Bewertet mit 5 Sternen

Peinlich, schmachvoll, demütigend, schmerzhaft waren alle diese Ereignisse. Gut, wenn ich das aus meinem Gedächtnis löschen könnte. Kann man: Buchbinder lesen diese Geschehnisse und binden sie in Bücher, die weggeschlossen werden.
Emmet, ein kräftiger Farmerssohn, schwere körperliche Arbeit gewöhnt, wird krank und erwacht geschwächt und kraftlos. Seine Aufgaben auf dem Bauernhof kann er nicht mehr bewältigen. Welch Glück, dass eine Buchbinderin ihn in die Lehre nimmt und in die handwerkliche Kunst des Buchfertigens einweist. Aber etwas Dunkles umgibt sie, verstörte  Besucher kommen und sind, wenn sie sie verlassen, völlig verändert. Ihr Geheimnis allerdings nimmt sie mit ins Grab. Ein neues Kapitel für Emmet beginnt.
Bridget Collins beschreibt faszinierend, welchen Stellenwert Erinnerungen haben können. Ist man erleichtert, wenn Schlimmes aus dem Gedächtnis schwindet? Aber wo sind dann die ganzen Besonderheiten, die einen ausmachen? Man kann manipuliert werden. Das eigene Ich verändert sich, im Unterbewusstsein weiß man, dass etwas fehlt. Man fühlt sich leer. 
Für geldgierige Binder entsteht ein lukrativer Markt, weil die Ärmsten ihre Erinnerungen verkaufen, damit reiche Voyeure sich in ihrem Elend ergötzen können, oder sie sogar erpressen, weil eben doch keine Verschwiegenheit garantiert ist. Auch die, die selber für die Löschung ihrer Gedanken zahlen, werden angreifbar. Welch schrecklicher Gedanke!
Es gibt auch gefälschte Erinnerungen, sehr ironisch nennt die Autorin sie „Romane“. Aber die liest man nicht so gerne in der beschriebenen Welt. Elend, moralische Verkommenheit und schmutzige Geheimnisse ziehen sogenannte Sammler ganz besonders an. 
Ein neuartiges Thema, was in „Die verborgenen Stimmen der Bücher“ aufgegriffen wird. Nie langweilig zu lesen, liebevolle Beschreibungen von Bucheinbänden und Materialien verzaubern.
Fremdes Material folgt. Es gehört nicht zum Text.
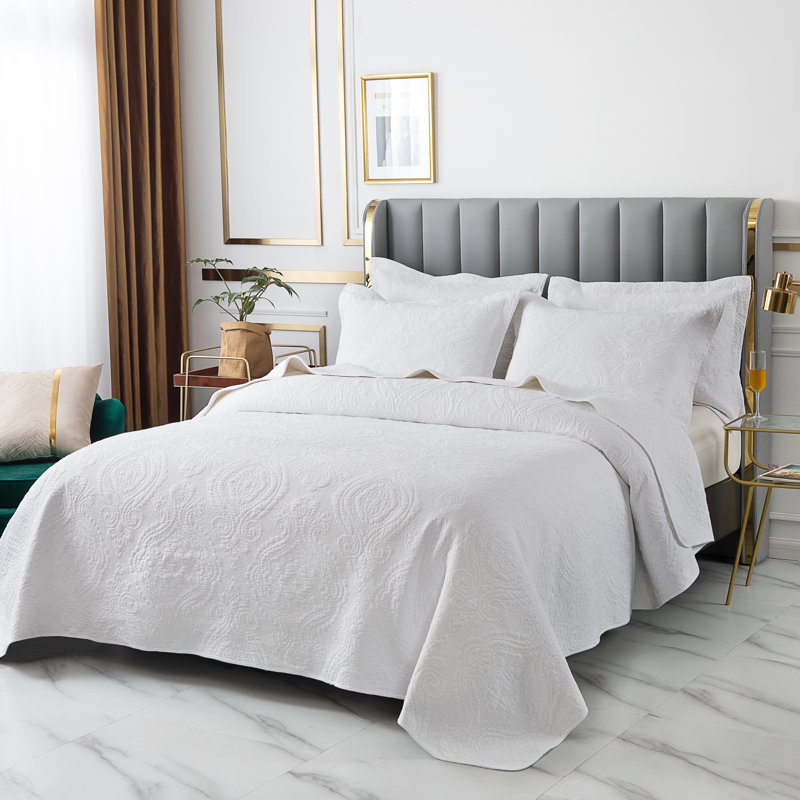 Sabel Cotton Blend Damask Quilt, White, Full/Queen Quilt + 2 Shams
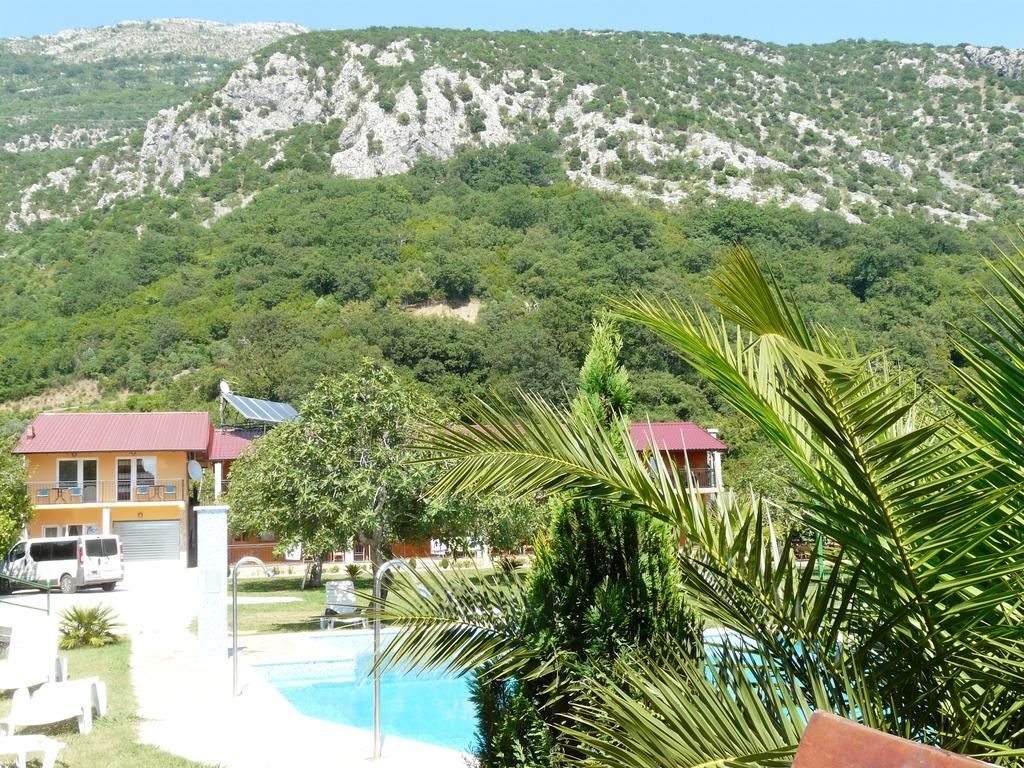 Guest House Jadran Pol Petrovac Exterior photo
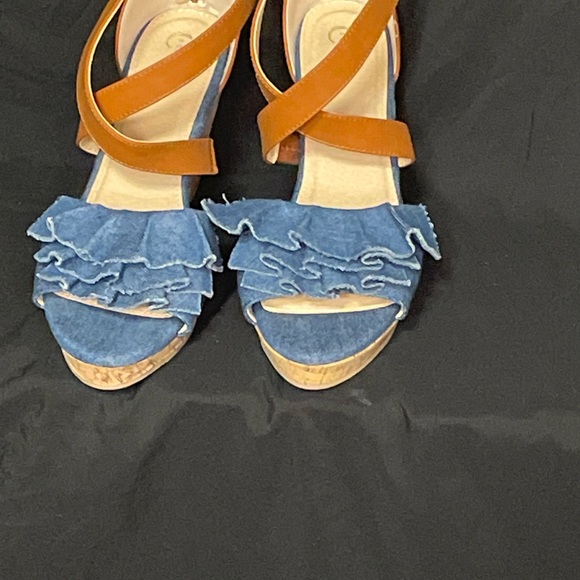 WW blue Jean with brown strap wedge heels - Picture 2 of 6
Und natürlich wird der Liebe ausreichend Raum eingeräumt, jeweils aus anderer Perspektive. 
Das Sujet ist originell, regt zum Nachdenken an, versetzt den Leser in eine interessante Fantasiewelt, die der realen Welt mit Manipulation, Korruption und Ausbeutung gar nicht so fern scheint.
Klare Leseempfehlung, ich mochte es.
Roman von Bridget Collins, übersetzt aus dem Englischen von Ulrike Seeberger, Aufbau-Verlag.